Aim of the task: Your output should be the lines from the one containing "Hanzlik_Name T-Shirt" through the end of the listing, exact and inclusive, with no pictures.

Data for the task:

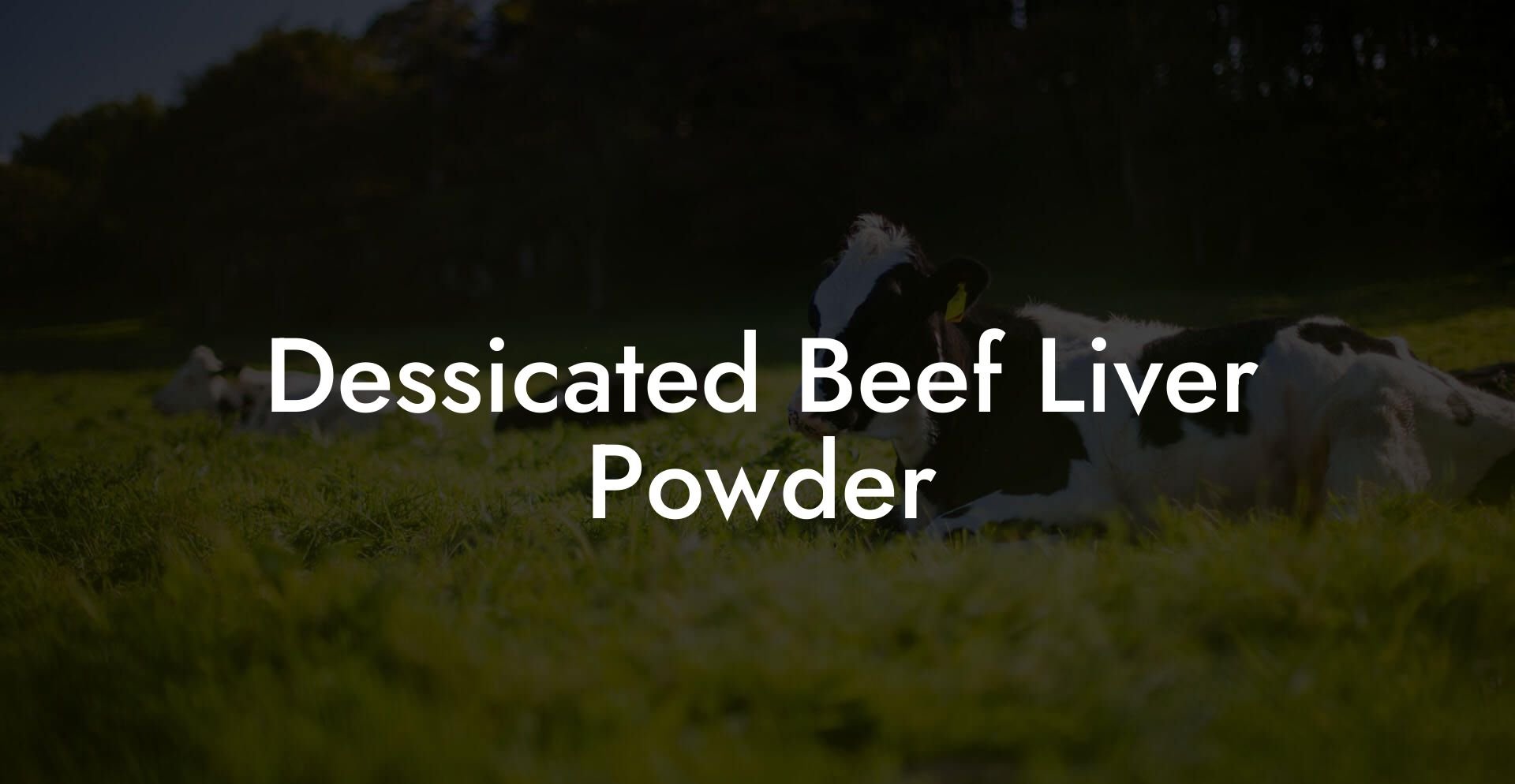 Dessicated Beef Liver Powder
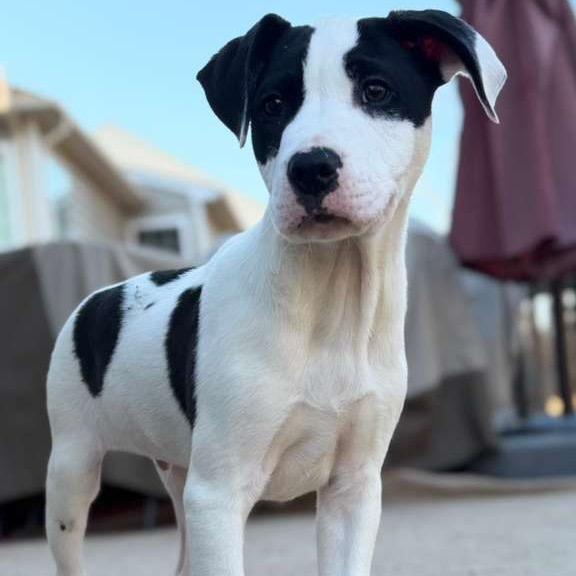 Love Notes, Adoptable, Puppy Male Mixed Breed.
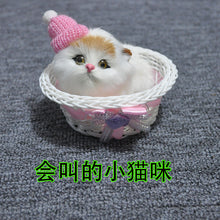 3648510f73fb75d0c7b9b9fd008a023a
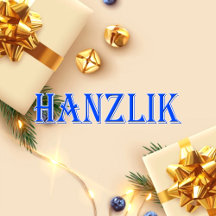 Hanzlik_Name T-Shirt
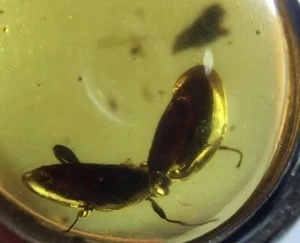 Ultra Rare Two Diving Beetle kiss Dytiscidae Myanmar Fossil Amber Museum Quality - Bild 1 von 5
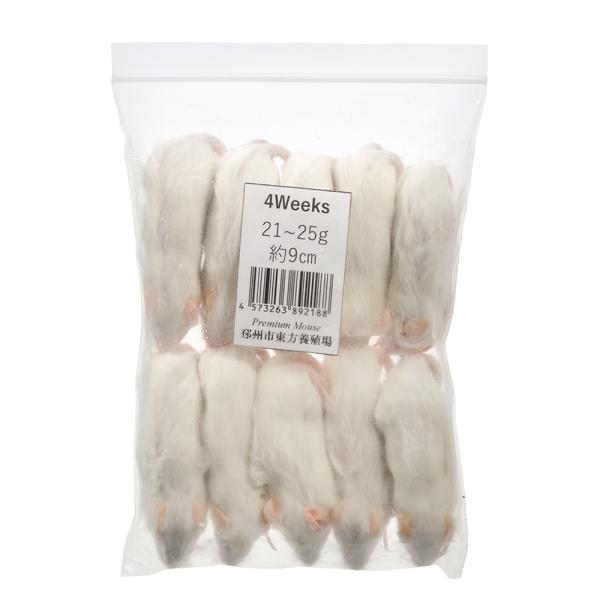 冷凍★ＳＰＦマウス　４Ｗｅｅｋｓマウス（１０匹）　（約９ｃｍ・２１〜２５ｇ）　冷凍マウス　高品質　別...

Problem solution:
 Hanzlik_Name T-Shirt
 Ultra Rare Two Diving Beetle kiss Dytiscidae Myanmar Fossil Amber Museum Quality - Bild 1 von 5
 冷凍★ＳＰＦマウス　４Ｗｅｅｋｓマウス（１０匹）　（約９ｃｍ・２１〜２５ｇ）　冷凍マウス　高品質　別...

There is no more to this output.